Reproducibility

The baseline system is based on Keras while using Theano as backend. Theano can be used seamlessly either on CPU or on GPU, however, the learned neural networks from these two modes will not be exactly the same. Theano can produce consistent results on same computer setup when used in CPU mode, if numpy random seed is fixed prior to importing Keras. In GPU mode, consistent randomization values are generally hard to achieve due to the heavy usage of parallel computing. Fortunately, results are usually very close each other and within acceptable limits to enable informed system development. However, the role of a baseline system is to have results which are reproducible on most of the normal computer setups.

In order to get consistent results across different computer setups when using Keras and Theano, the following aspects should be taken into account:

  • Use exactly the same Python version, and Python library versions. Use pip freeze command and requirements.txt to document the libraries.
  • Do not rely on dictionary keys to be in fixed order. Sort keys before usage to ensure consistent data processing order, or use OrderedDict data type.
  • Set random.seed at the beginning of the application.
  • Set numpy.random.seed before Keras is imported.
  • Use Theano in CPU mode.
  • Use same BLAS library for the CPU computation, use either ATLAS or Inter Math Kernel (in compatibile mode) library to get same results regardless of underlying CPU architecture.
  • Run the system in single thread mode to avoid inconsistencies caused by threading.

BLAS libraries

When running Theano in CPU mode, the computation relies on system level BLAS library (this is not a Python library). BLAS libraries usually have implementations for mathematical operations which are optimized for speed, not for accuracy, and the particular implementation is selected based on the CPU architecture the library is run. This approach can produce slightly deviating results from CPU to CPU.

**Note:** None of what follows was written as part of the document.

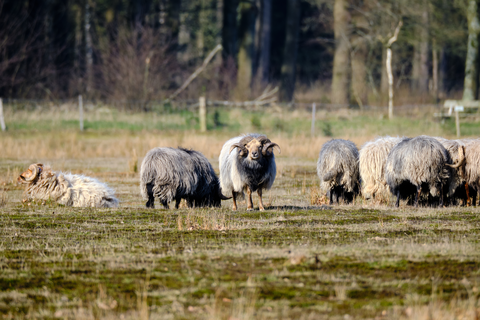 Schoonloo to Rolde via Meindersveen and Westerlanden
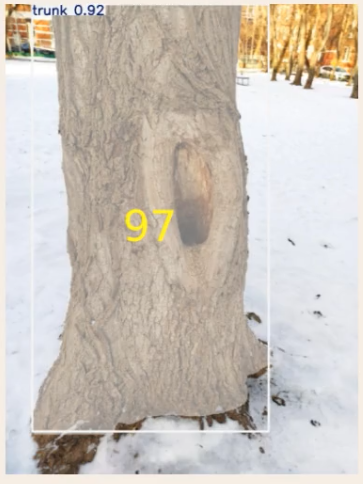 Рис. 8. Визуализация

Theano supports three common BLAS libraries: ATLAS, OpenBLAS, and Intel Math Kernel Library (MKL). In our tests, we found that these libraries can produce deviating results when run, for example, on Intel processors or on AMD processors. The ATLAS and MKL (with correct flags) libraries were found to give consistent results across different computers supporting SSE2 processor instruction set, whereas OpenBLAS failed to produce consistent results.

Intel Math Kernel

Intel Math Kernel (MKL) is usually faster than ATLAS, and therefore it was selected to be used for the baseline system. MKL is a commercial library which can be downloaded for free with Named-User Licence from Intel. Easiest way to get access to MKL for Python development is to use Anaconda Python distribution which comes readily with MKL installation.

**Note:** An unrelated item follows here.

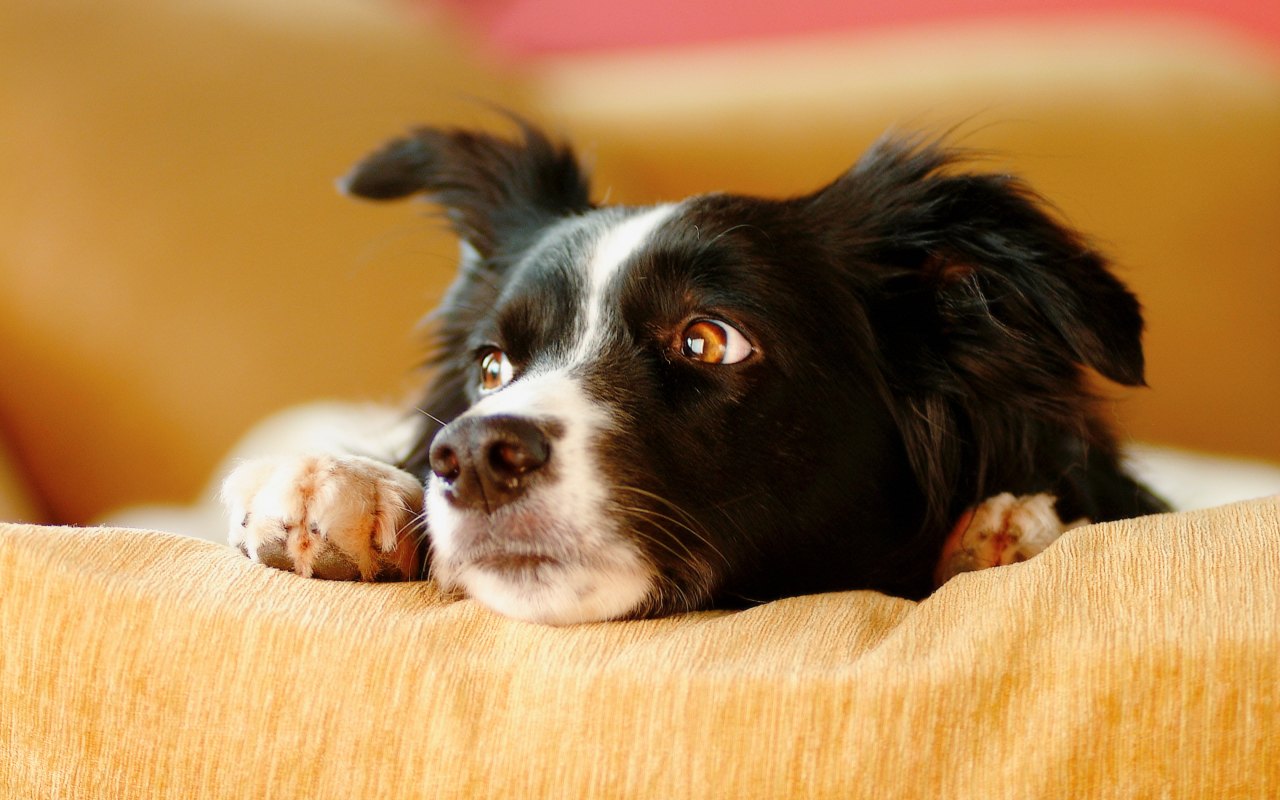 cagnolino sul divano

To get MKL to behave consistently across computer setups, conditional numerical reproducibility should be set into compatible mode with MKL_CBWR=COMPATIBLE environmental variable (see more here). Furthermore, threading should be disabled by using MKL_NUM_THREADS=1 and MKL_DYNAMIC=FALSE environmental variables.

Running the baseline system

The baseline system is delivered with Docker software container which will allow the system to run inside a virtual operating system environment to produce consistent system output. Docker provides operating system level virtualization on Linux and Windows platforms, and the provided Docker container contains a minimal linux OS, additional system libraries, and minimal Anaconda Python installation with required Python libraries.

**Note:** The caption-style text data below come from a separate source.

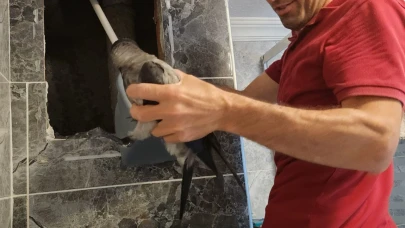 Havalandırma boşluğuna düşen kargayı vatandaş kurtardı
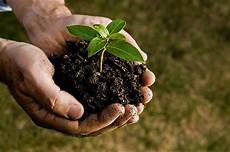 Soil Conditioner In The Greenhouses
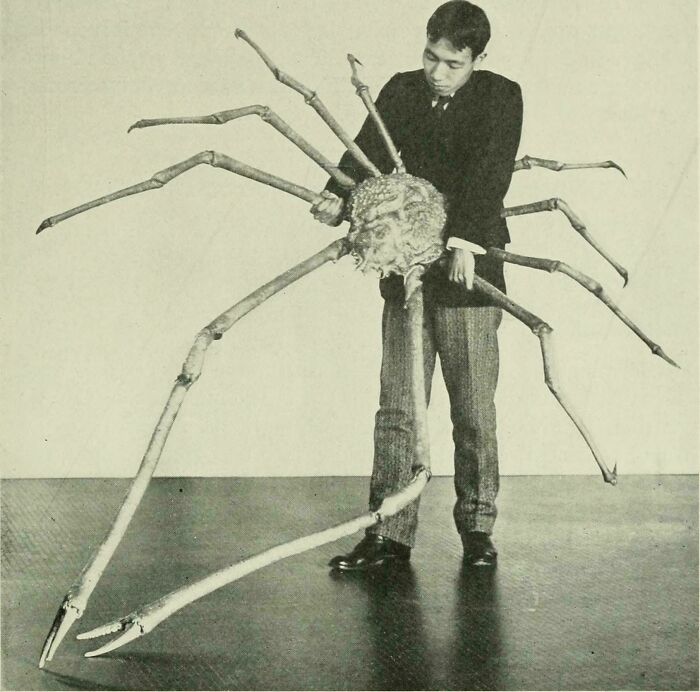 Man holding a large spider skeleton with long legs striking fear for anyone with megalophobia.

To install Docker Community Edition (Docker CE), follow the instructions from Docker documentation.

There is a Makefile in docker directory to help usage of the Docker container. When container is launched first time, Docker will create the container image by downloading and installing the needed libraries (defined in Dockerfile).

To generate the baseline system results shown in applications page run (example given for Task 1):

make -C docker/ task1

or:

cd docker
make task1

To open bash shell inside the container environment:

make -C docker/ bash

or:

cd docker
make bash